In 1810 Bidwell and his family left Massachusetts for Upper Canada, settling initially in Kingston while the legal and political fallout from the Berkshire affair continued. In Upper Canada he resumed public life and soon sought elective office. He won a seat in the Legislative Assembly of Upper Canada for the constituency of Lennox and Addington, but his political opponents moved quickly to prevent him from taking his place. An election petition challenged his right to sit on the grounds that he was a fugitive from justice in the United States, that he possessed an immoral character, and that he had previously taken an oath of allegiance to the United States. John Beverley Robinson and Henry John Boulton financed an investigation into his American career, and their findings were published in The Kingston Chronicle in an effort to discredit him. Bidwell demonstrated that all charges against him in the United States had been settled, but after an unusually long and contentious debate in the Assembly, he was expelled by a vote of 17 to 16. The episode underscored both the lingering impact of his American political battles and the intense partisanship of Upper Canadian politics.
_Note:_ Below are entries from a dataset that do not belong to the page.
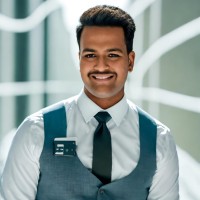 eMazzanti Technologies Employee Shivam Jain's profile photo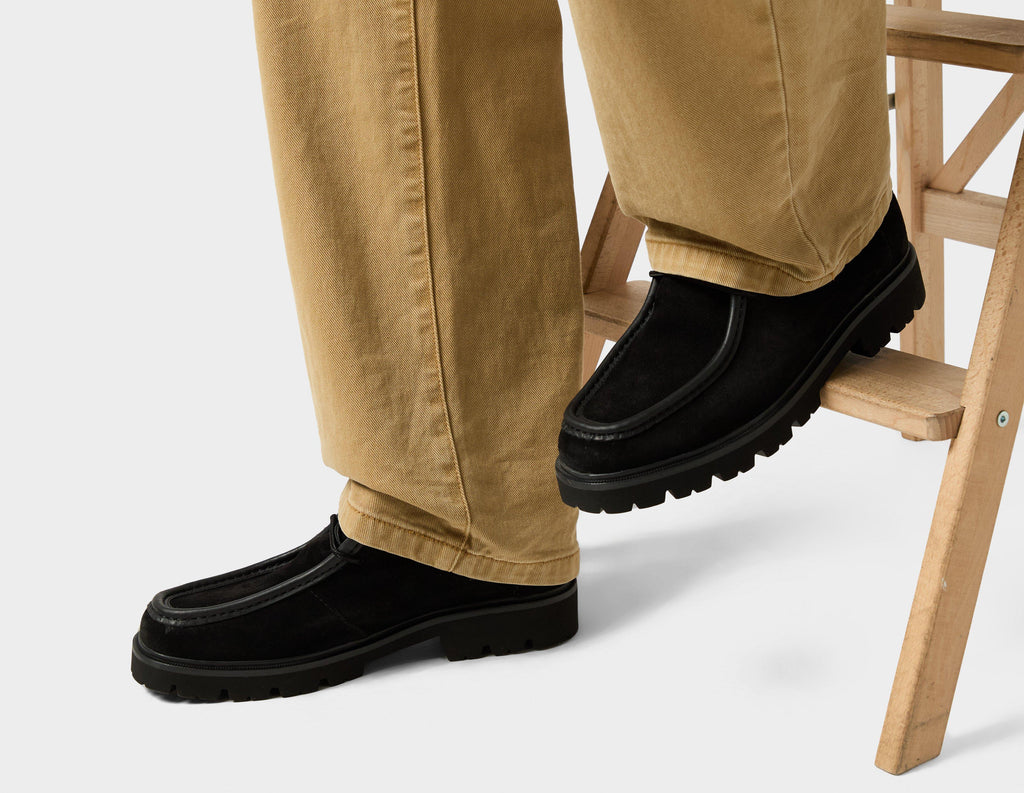 Clarks Originals Cleyhill Seam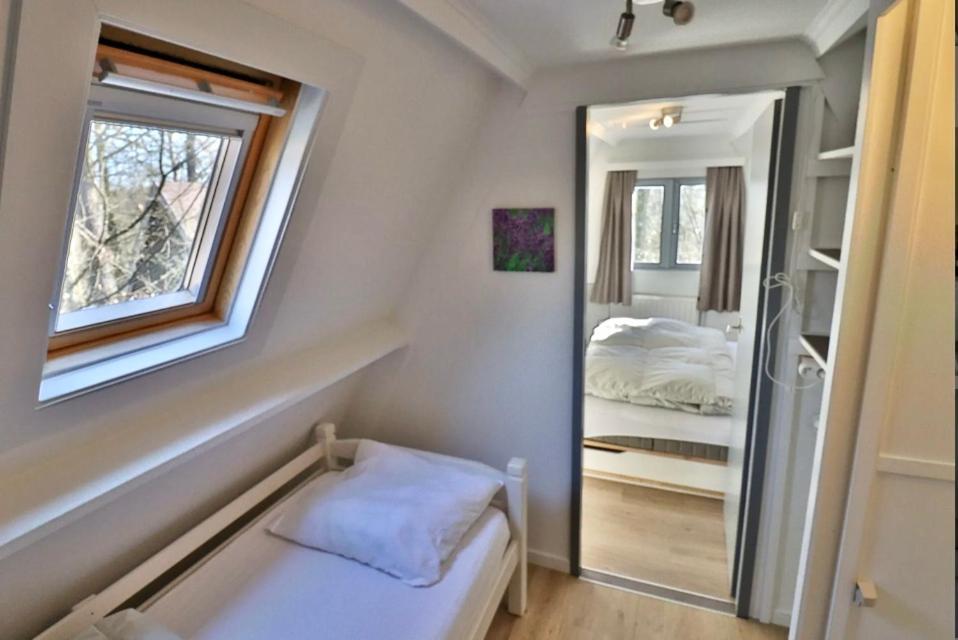 Chalet 46 Casa Fantasia Durbuy Ngoại thất bức ảnh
Bidwell remained in Upper Canada for the rest of his life. He settled at Bath, in present-day Ontario, and continued to be regarded as a figure of some note in local society, though he never again achieved the level of political influence he had enjoyed in Massachusetts and in the United States Congress. He was married to Mary Gray Bidwell, with whom he maintained a close and affectionate relationship; during his travels they exchanged extensive and deeply personal letters. Mary died around the age of forty-three after an illness, a loss that marked his later years. Bidwell died at Bath on July 27, 1833. His remains are interred in Cataraqui Cemetery in Kingston, Ontario, reflecting the Canadian setting of his final decades.
Bidwell’s family continued his tradition of public service on both sides of the border. His son, Marshall Spring Bidwell, successfully held the same Lennox and Addington seat in the Legislative Assembly of Upper Canada from 1824 to 1836 before later leaving for the United States. Through his sister, Theodosia Bidwell Brewer, he was the great-uncle of David J. Brewer, who served as an associate justice of the United States Supreme Court from 1889 to 1910, and who sat on the Court with his own uncle, Justice Stephen J. Field. These connections linked Barnabas Bidwell’s life and legacy to both American and Canadian political history and to the evolving legal institutions of the nineteenth century.